= Bill Seward =

American sportscaster (1958–2022)

Bill Seward (June 26, 1958 – January 14, 2022) was an American broadcaster, actor, and coach. In addition to calling various professional and college sports in America, Seward has been “on the mic” for NBC’s Summer and Winter Olympic coverage, Rugby World Cup on NBC, Rugby World Cup Sevens on NBC Sports Network, Varsity Cup, Red Bull Cliff Diving World Series, FIS Alpine Skiing World Cup, FIS Nordic Skiing World Cup, European Figure Skating Championships, FINA Synchronized Swimming World Cup, Vuelta a Espana, Eneco Cycling Tour, Tour of Belgium, Tour of Norway, 4 Days of Dunkirk, Paris Marathon, IBU Biathlon World Championships, Tour de Ski and the Four Hills World Cup ski jumping event. Seward is the host of "Robot Wars" on Discovery Science and has appeared on NBC’s "Early Today" along with programs on MSNBC, CNBC, USA Network, Universal Sports and the horse racing networks HRTV and TVG.

== Broadcasting career ==
At CBS Radio in Los Angeles, Seward has earned several Golden Mikes and multiple "Best Radio Anchor Staff" awards, the top honor presented by the Southern California Sports Broadcasters. He also anchored pregame segments on the Dodgers Radio Network and hosted the postgame call-in show, Dodger Talk. Seward has been voted "Top Sports Update Anchor" a record 13 times by the Los Angeles Daily News.

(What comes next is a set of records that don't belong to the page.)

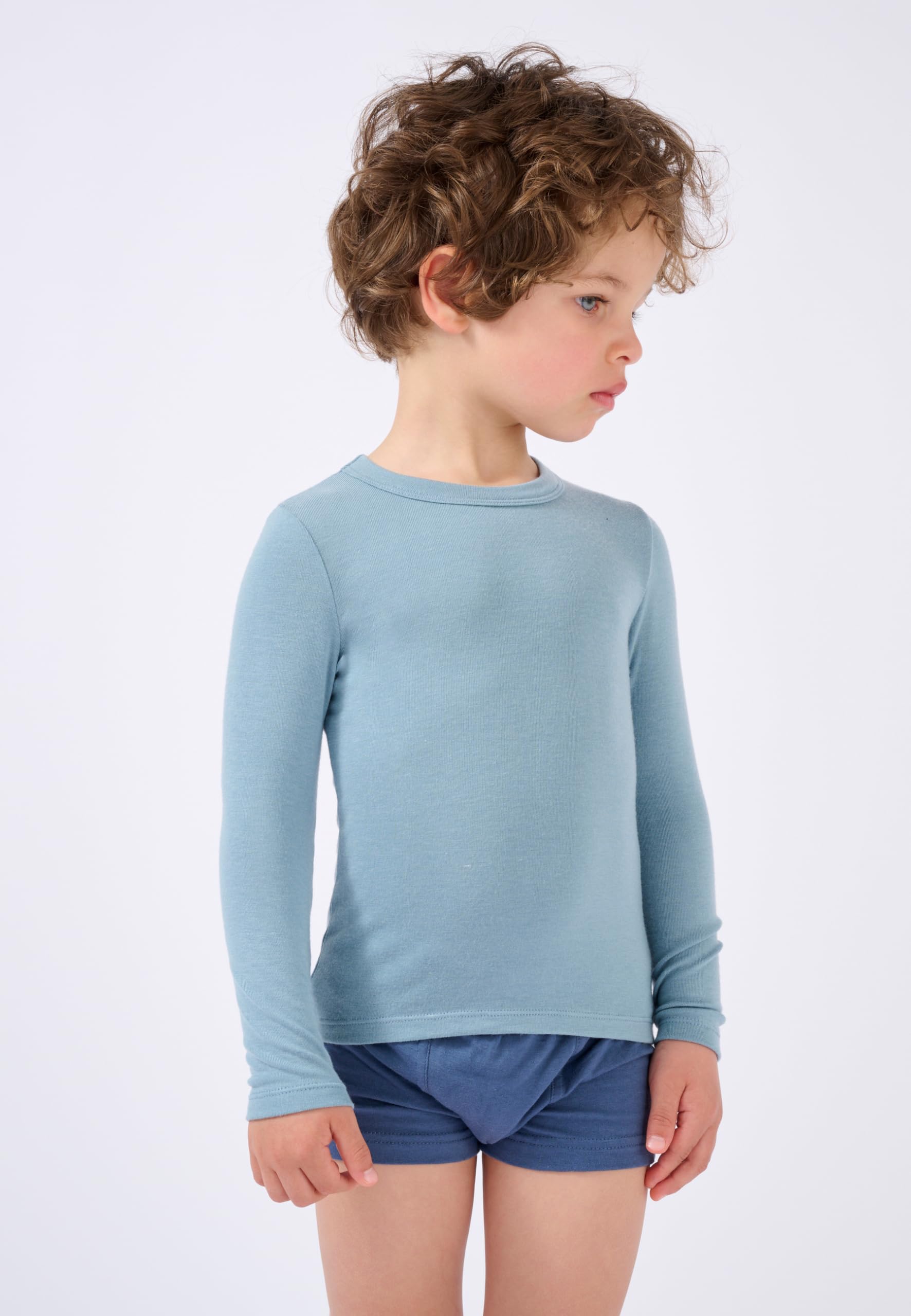 Damart Thermolactyl Sensitive Maglietta termica a costine bambini, verde blu grigio, calore medio 3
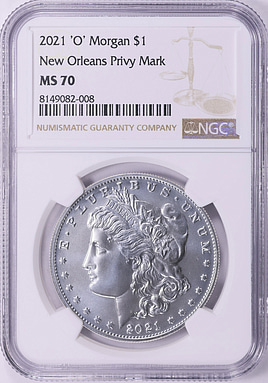 2021-O Morgan Silver Dollar O Privy 100th Anniversary NGC MS-70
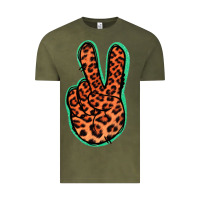Vintage Olive Orange Leopard Peace Sign Vintage Tee - Jasminsmagicworld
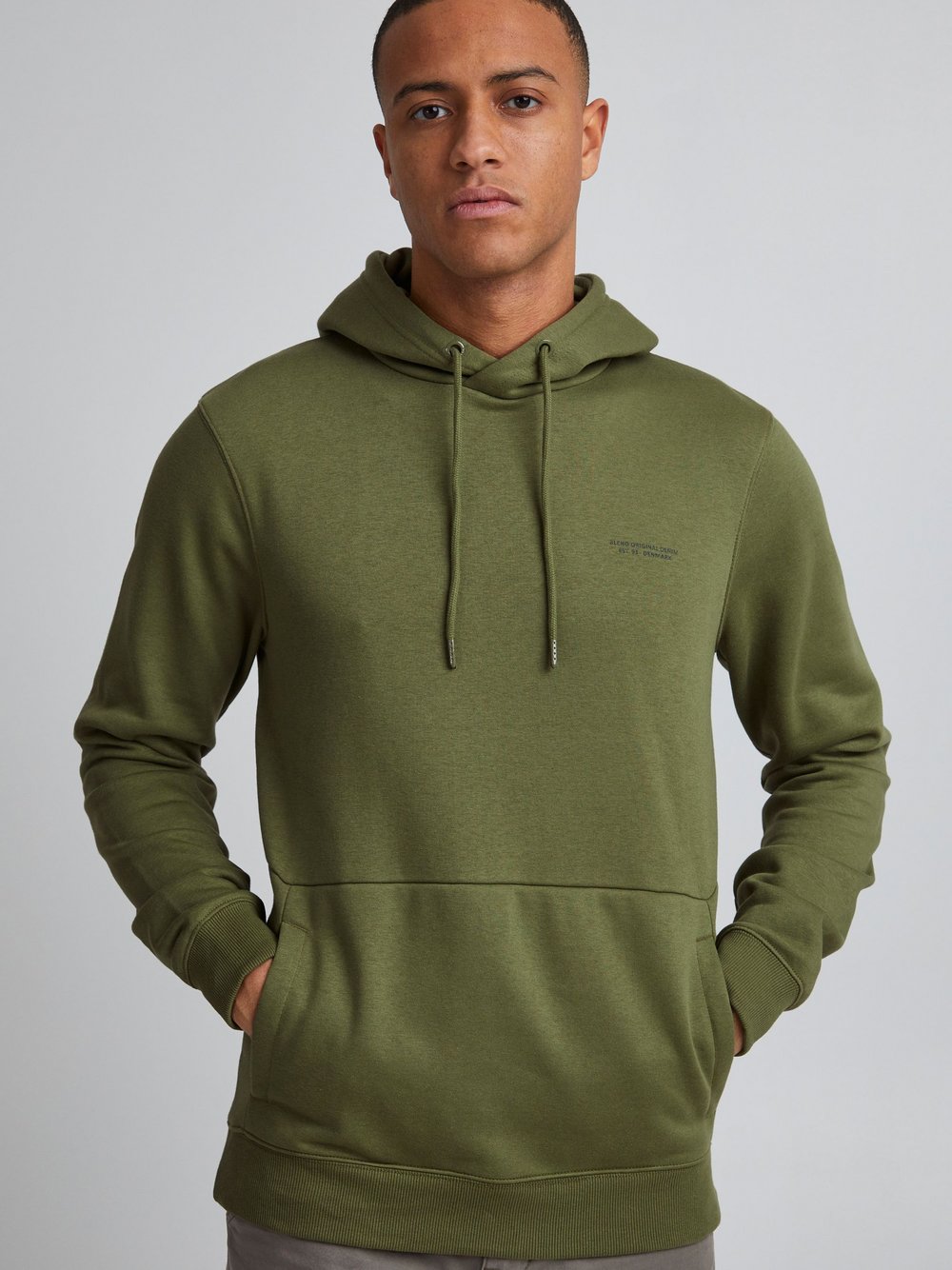 BLEND Hoodie Herren Baumwolle grün meliert, XXL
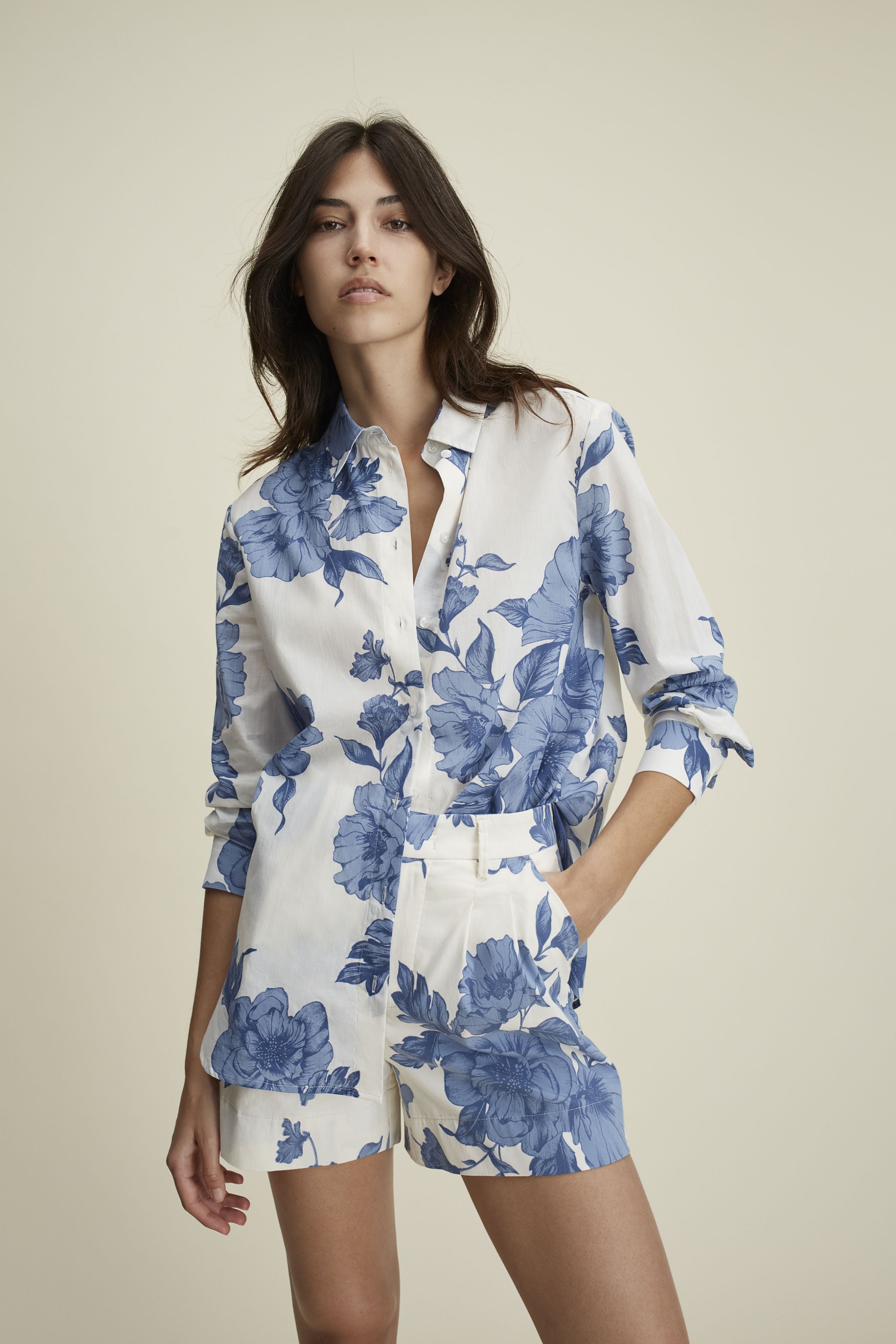 Blue Floral Print Shirt - 92934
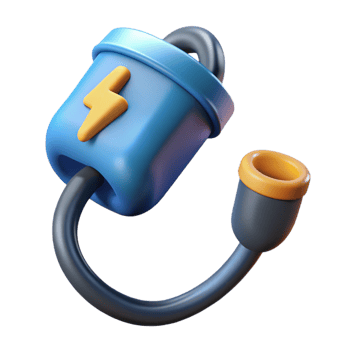beautiful nordic Electric car charging cable NO BACKGROUND with Transparent Background. luxury png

He previously anchored at ESPN on such shows as SportsCenter, ESPNEWS, and 2Day at the Races. He was also part of ESPN's coverage of the 1984 Summer Olympic Games in Los Angeles. While at ESPN, Seward was a regular contributor to ABC World News This Morning. Seward was the Sports Director at KVIQ in Eureka, California. He also worked for KTIE in Oxnard, California, and WNHT in Concord, New Hampshire before returning to his hometown to become an award-winning anchor at KCBS-TV and KNX-AM in Los Angeles.

== Acting ==
In addition to his broadcasting career, Seward has been featured in Danny Boyle's Steve Jobs, Dan Gilroy's Nightcrawler, David Fincher’s Zodiac and Jay Roach's Recount, along with appearances on television shows Modern Family, I'm Dying Up Here, It's Always Sunny In Philadelphia, Scandal, Key & Peele, Revenge, Touch, Monk, Everybody Hates Chris, Medium, Numbers, and several others. Seward is also the host of Sega's popular video game, Virtua Fighter 5.

== Personal life ==
A graduate of Loyola Marymount University, Seward was the youngest head football coach in the nation at Saint Bernard High School in Playa del Rey, California, where he was honored as "Bay Area Coach of the Year." Seward coached at Saint Bernard and at Notre Dame High School in Sherman Oaks, California, and had the privilege of working with several future MLB, NBA and NFL players.

Seward died on January 14, 2022, at the age of 63.